> **Task prompt**
Would you write out the lines below exactly, from the one containing "Nirmooha Hestia Flame Red Duotone Gown" to the very last, but without the pictures?

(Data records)
[Start of section]
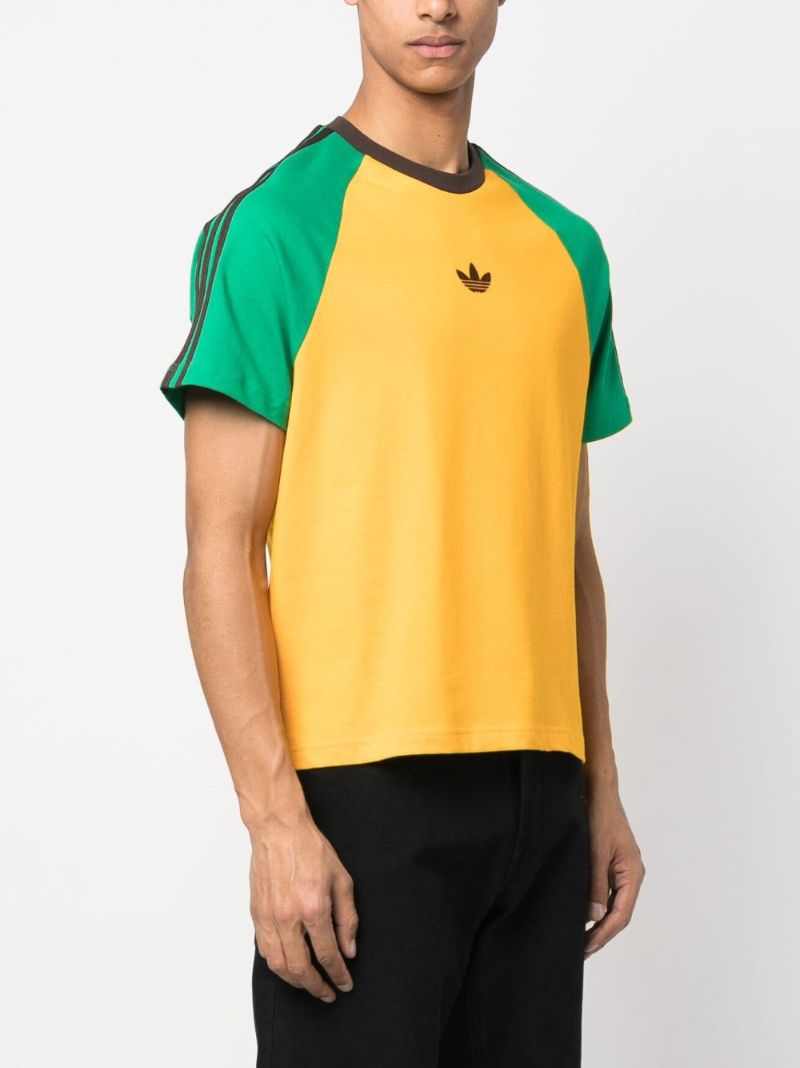 Yellow Colour-block Organic Cotton T-shirt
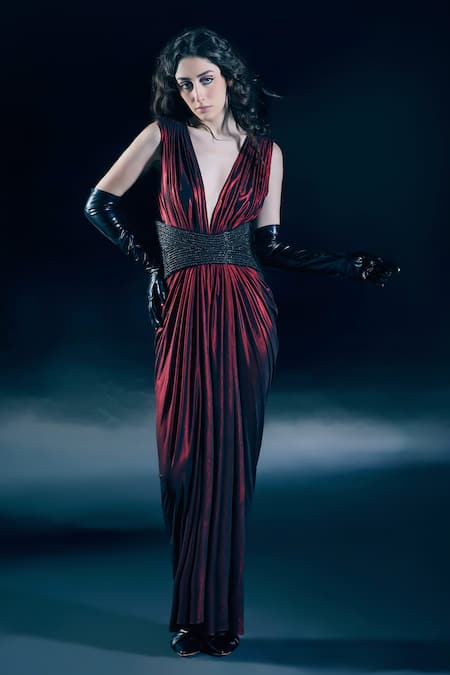 Nirmooha Hestia Flame Red Duotone Gown 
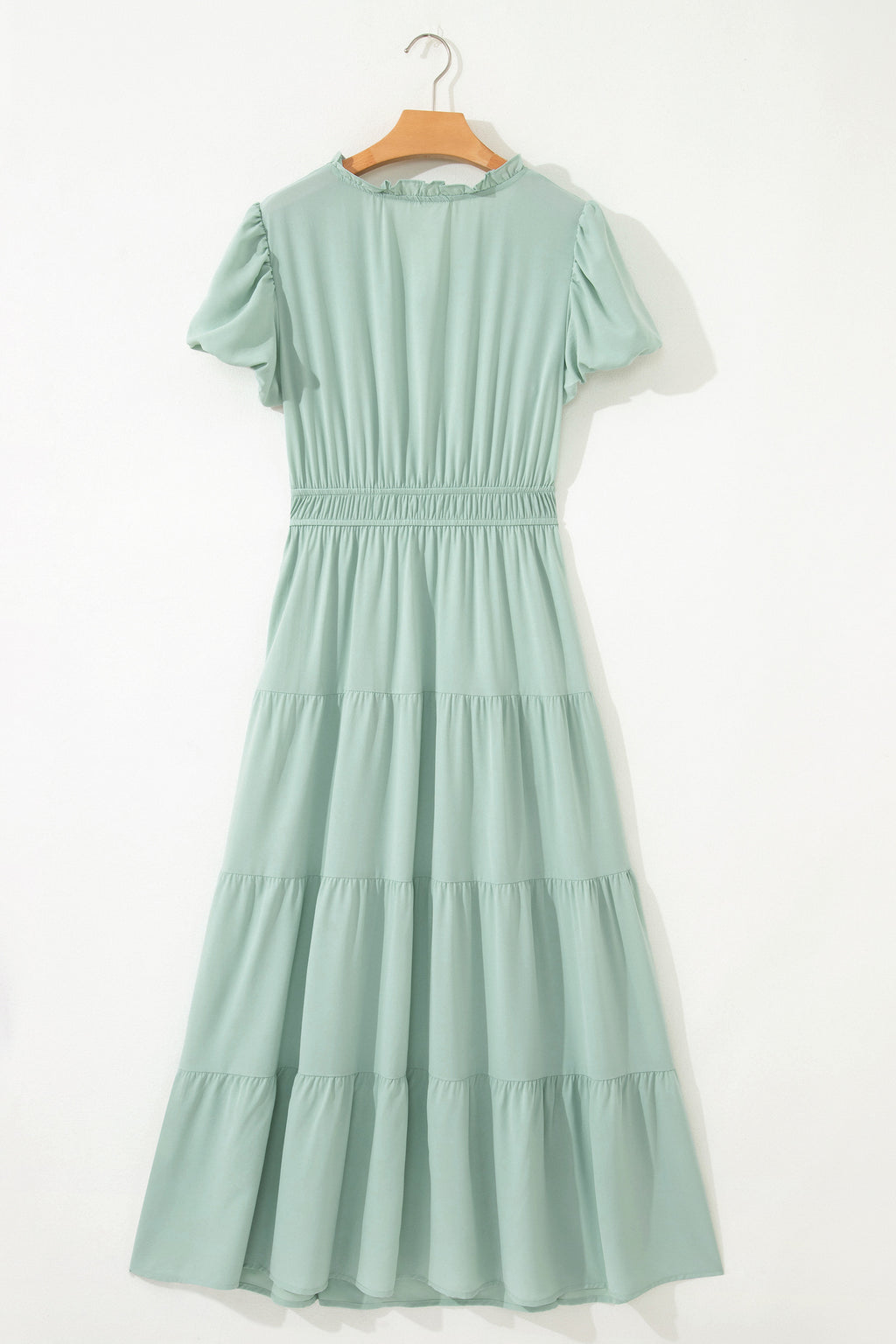 Clearly Aqua Solid Color V Neck Short Puff Sleeve High Waist Tiered Maxi Dress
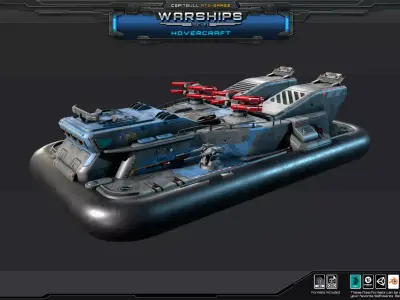 WARSHIPS - Hovercraft  Low-poly 3D model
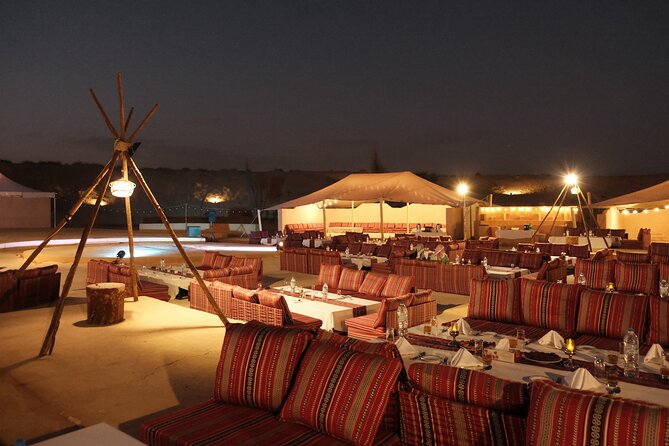 Dubai Desert Camp Dinner with BBQ, Dinner, Camel Ride & Shows - Cushions, Comfort, and Crowd Size (Max 300)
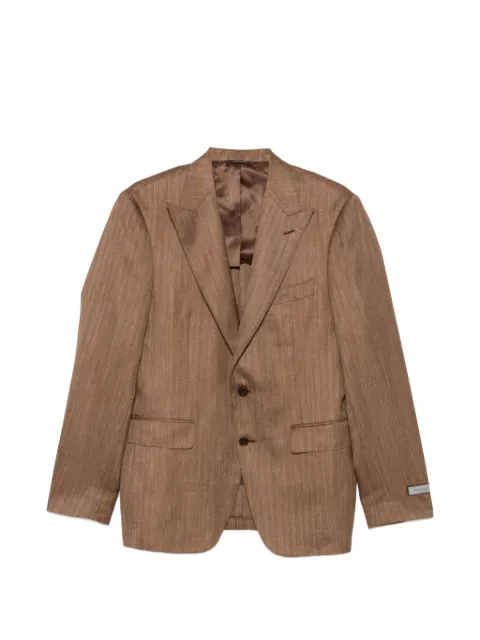 Canali herringbone-pattern notch-lapels blazer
[End of section]
> **Solution below**
 Nirmooha Hestia Flame Red Duotone Gown 
 Clearly Aqua Solid Color V Neck Short Puff Sleeve High Waist Tiered Maxi Dress
 WARSHIPS - Hovercraft  Low-poly 3D model
 Dubai Desert Camp Dinner with BBQ, Dinner, Camel Ride & Shows - Cushions, Comfort, and Crowd Size (Max 300)
 Canali herringbone-pattern notch-lapels blazer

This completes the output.